The U.S. Postal Service commemorated the U. S. Coast Guard’s 225 years of service to the nation by creating a Forever Stamp to honor its role in protecting the security of the nation and advancing vital U.S. maritime interests.
The stamp shows two icons of the Coast Guard — the cutter Eagle, a three-masted sailing ship known as “America’s Tall Ship,” and an MH-65 Dolphin helicopter, one of the Coast Guard’s rescue aircraft. Coast Guard Air Station Atlantic City coordinated the photo opportunity with the Coast Guard Barque Eagle while underway in the Atlantic Ocean.
Fifteen million United States Coast Guard Forever stamps will be issued and are available at post offices.

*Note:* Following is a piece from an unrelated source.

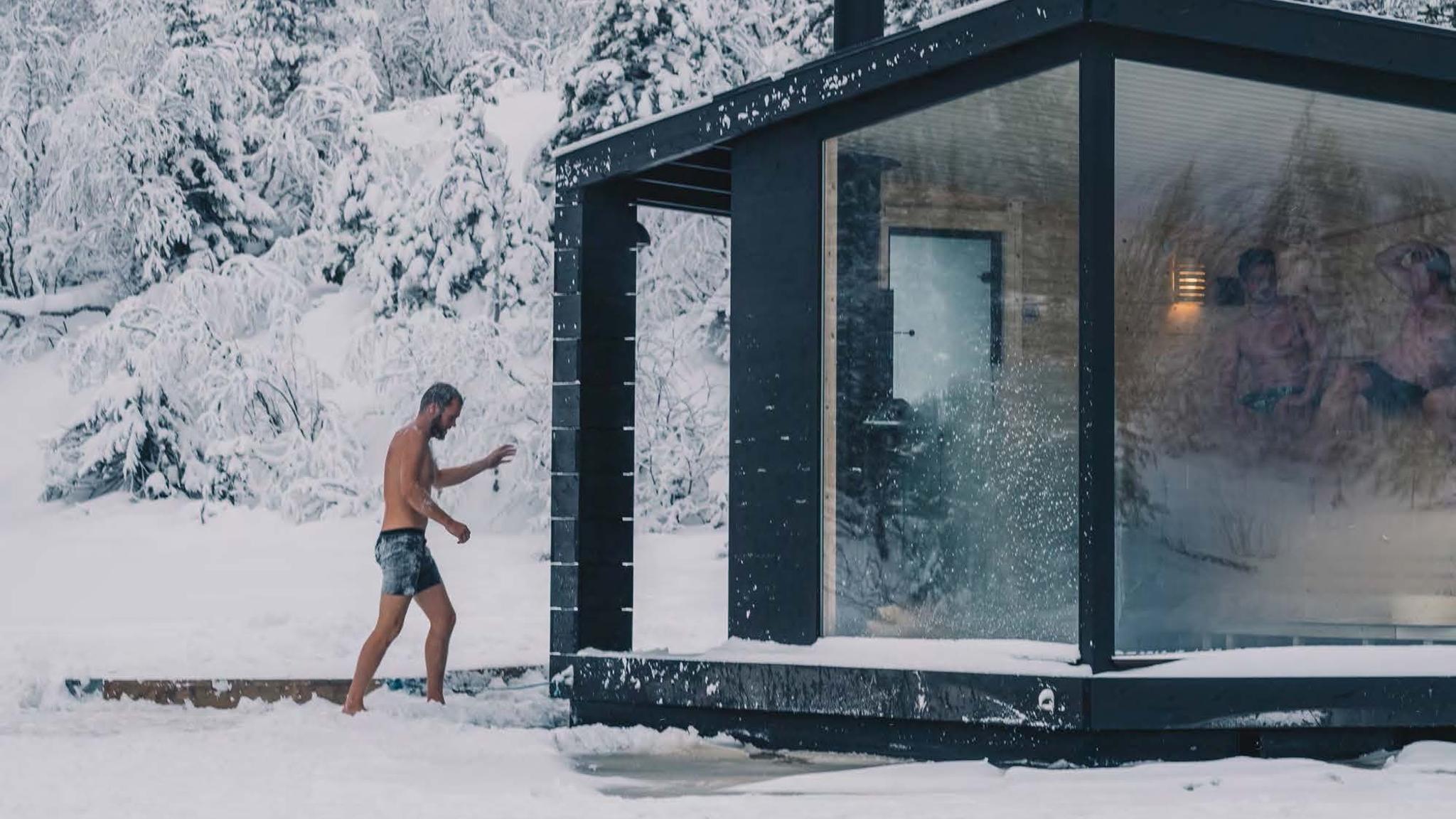 En person er på vei inn i en flytende badstue en vinterdag på Rjukan i Telemark på Østlandet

Aviation artist William Phillips of Ashland, Ore., painted the image using oil and Masonite. Phil Jordan of Falls Church, Va., is the art director.
Aug. 4 marked the 225th anniversary of the United States Coast Guard. On Aug. 4, 1790, the U.S. Revenue Cutter Service was established as one of the five federal services that would eventually make up the Coast Guard.
One of those services, the U.S. Life-Saving Service, played an important role in the history of the Outer Banks. Its men and women saved thousands of survivors of shipwrecks in the dangerous water of the Graveyard of the Atlantic.
In 1915, the Life-Saving Service and the Revenue Cutter Service were combined to form today’s U.S. Coast Guard, which continues saving lives of those in peril at sea along our coast.